## COLLECTED MATERIAL:
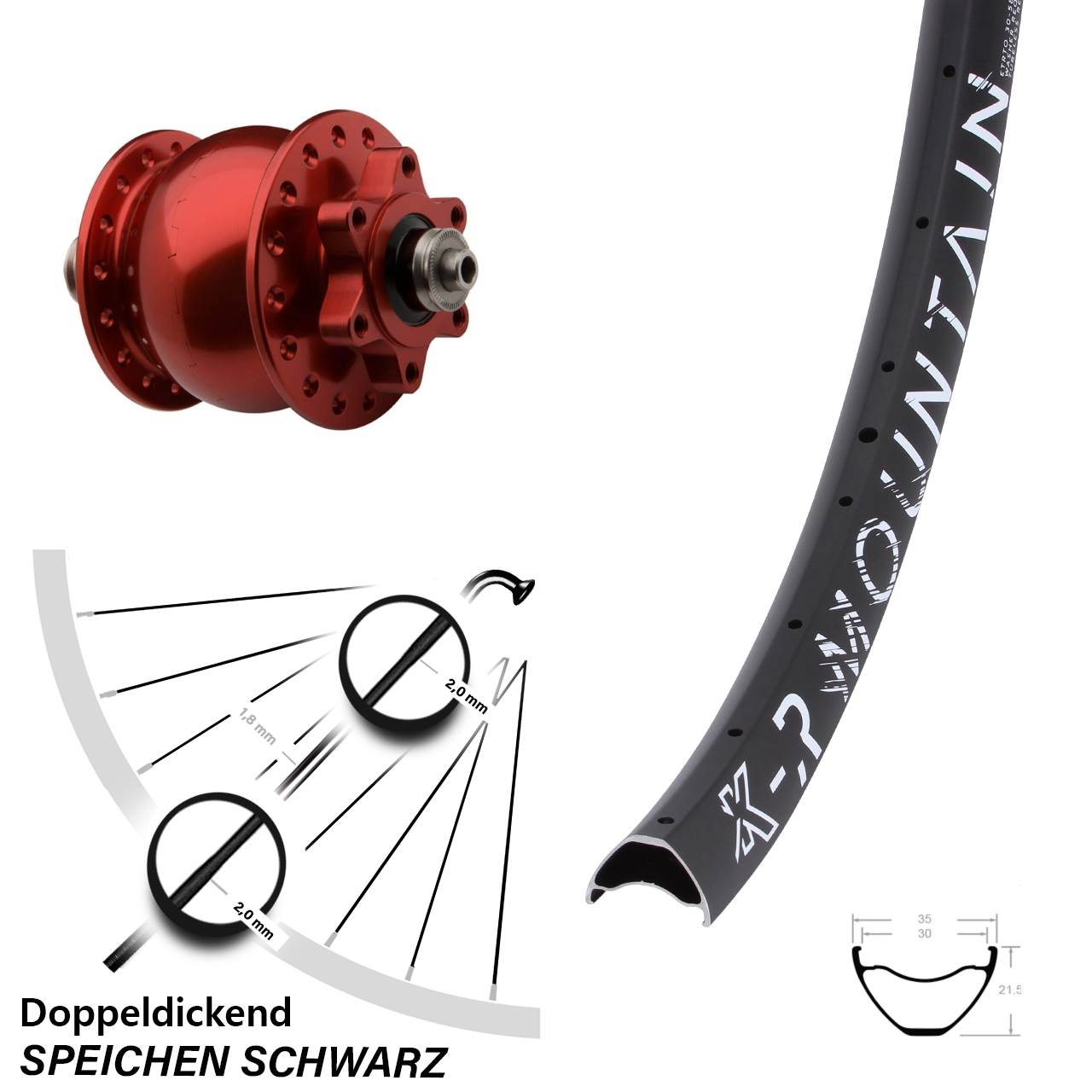 6-Loch Dynamo-Vorderrad 27,5 Zoll KX-R Mountain SON 28 rot für Schnellspanner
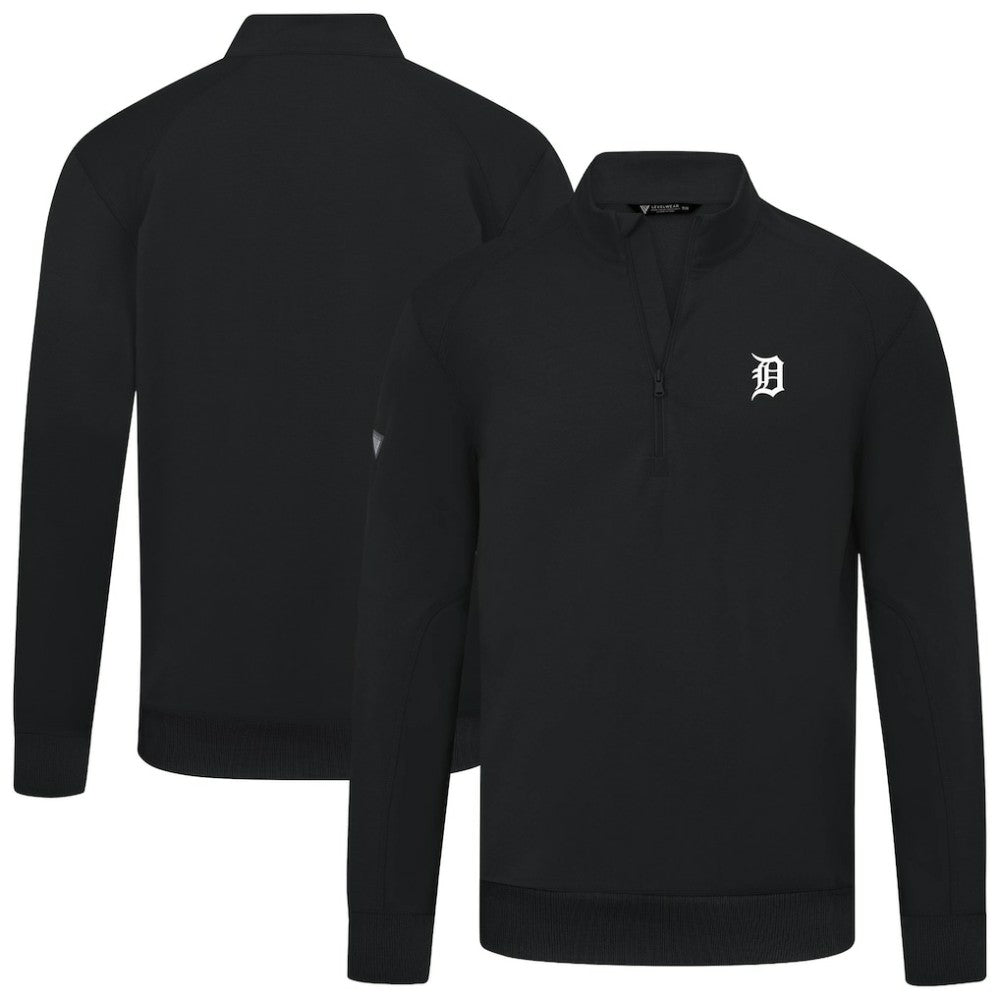 Detroit Tigers Levelwear Upright Insignia Tri-Blend Quarter-Zip Pullover - Black - MLB Online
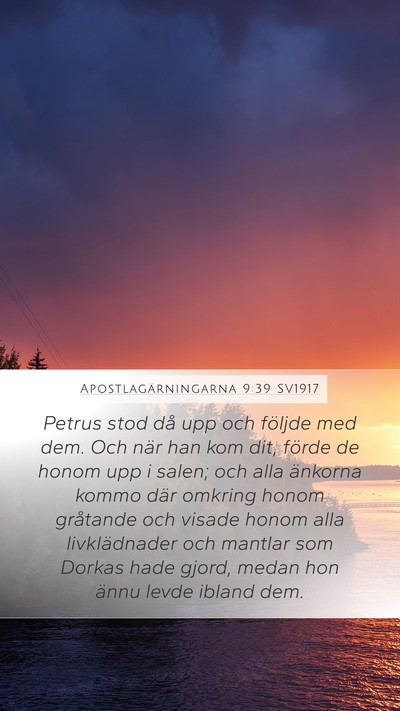 Apostlagärningarna 9:39 SV1917 Bible Verse Image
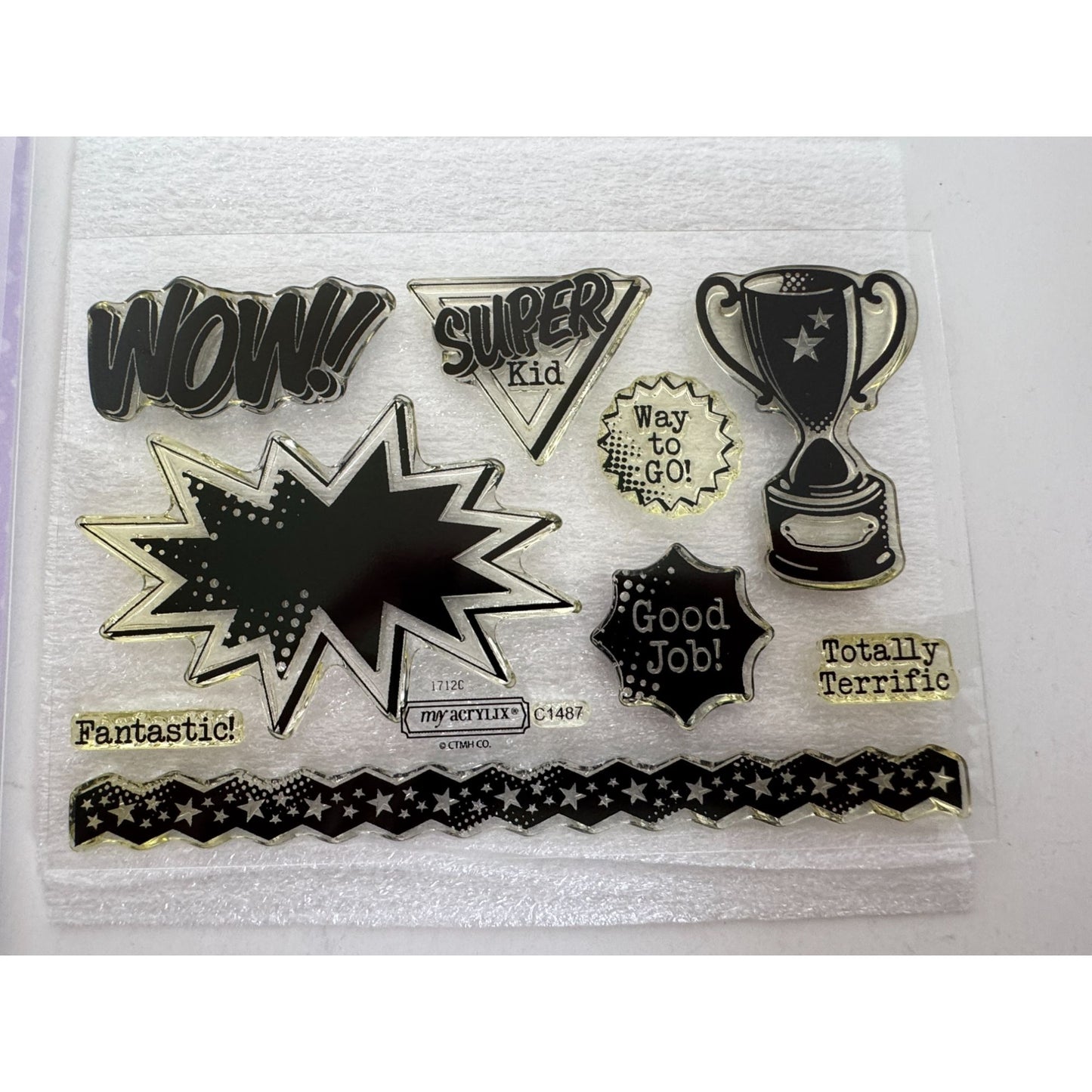 CTMH My Acrylix Acrylic Stamp Set Superhero Workshop Trophy Good Job Fantastic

## PROBLEM REQUIREMENTS:
What is needed is the whole listing again, exactly as written, with the images left out.

## FINISHED TASK:
 6-Loch Dynamo-Vorderrad 27,5 Zoll KX-R Mountain SON 28 rot für Schnellspanner
 Detroit Tigers Levelwear Upright Insignia Tri-Blend Quarter-Zip Pullover - Black - MLB Online
 Apostlagärningarna 9:39 SV1917 Bible Verse Image
 CTMH My Acrylix Acrylic Stamp Set Superhero Workshop Trophy Good Job Fantastic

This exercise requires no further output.